** PROBLEM DETAILS **
Every entry below has to appear again in your reply, word for word, but no picture may.

Segment Open

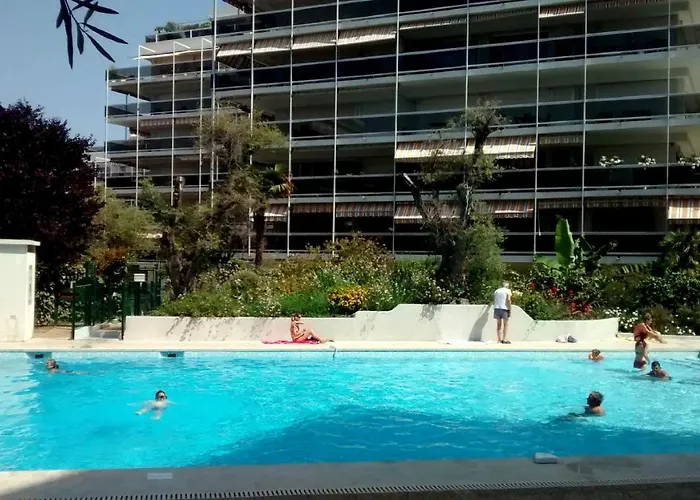 Climatisé à Les Pins Dans Résidence Avec Piscine Appartamento Juan-les-Pins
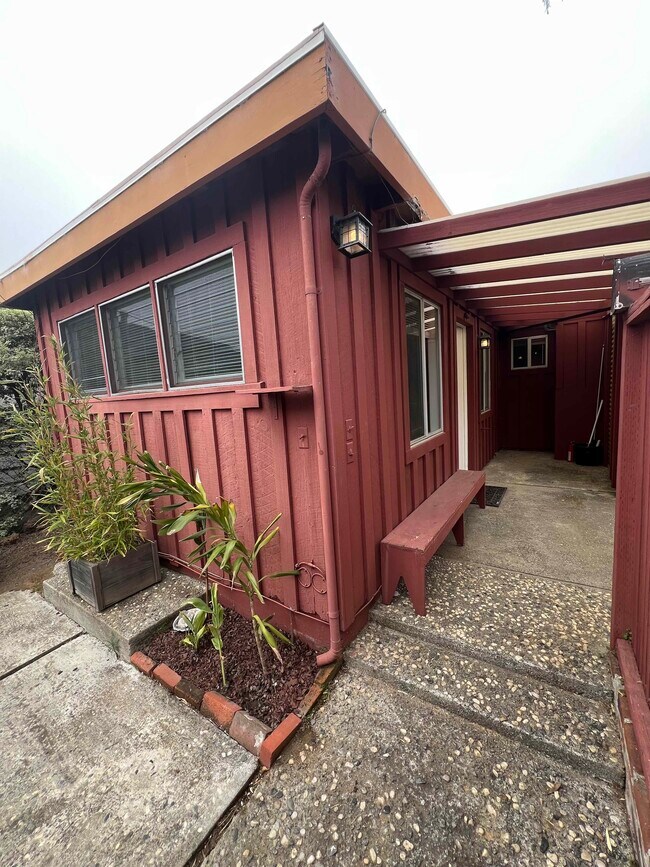 Building Photo - 211 13th Ave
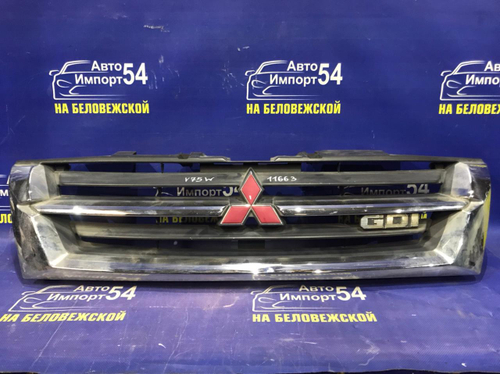 Решетка радиатора MITSUBISHI PAJERO 1999-2002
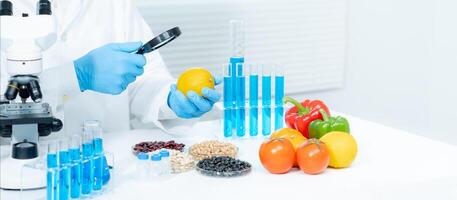 el científico comprueba los residuos de alimentos químicos en el laboratorio. expertos en control inspeccionan la calidad de frutas, verduras. laboratorio, peligros, rohs, encontrar sustancias prohibidas, contaminar, microscopio, microbiólogo foto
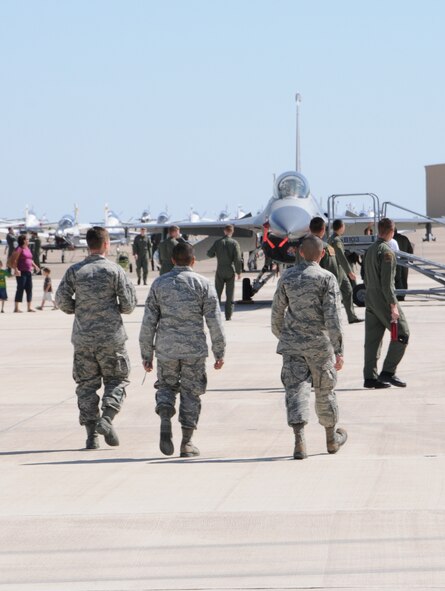 LAUGHLIN AIR FORCE BASE, Texas – A group of Airmen walks from plane to plane during the Major Weapons Systems day here recently. MWS day is held so Laughlin’s future pilots and Airmen can get a hands-on look at operational aircraft. (U.S. Air Force photo by Airman 1st Class Blake Mize)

Segment Closed

** RESPONSE FOR THIS EXERCISE **
 Climatisé à Les Pins Dans Résidence Avec Piscine Appartamento Juan-les-Pins
 Building Photo - 211 13th Ave
 Решетка радиатора MITSUBISHI PAJERO 1999-2002
 el científico comprueba los residuos de alimentos químicos en el laboratorio. expertos en control inspeccionan la calidad de frutas, verduras. laboratorio, peligros, rohs, encontrar sustancias prohibidas, contaminar, microscopio, microbiólogo foto
 LAUGHLIN AIR FORCE BASE, Texas – A group of Airmen walks from plane to plane during the Major Weapons Systems day here recently. MWS day is held so Laughlin’s future pilots and Airmen can get a hands-on look at operational aircraft. (U.S. Air Force photo by Airman 1st Class Blake Mize)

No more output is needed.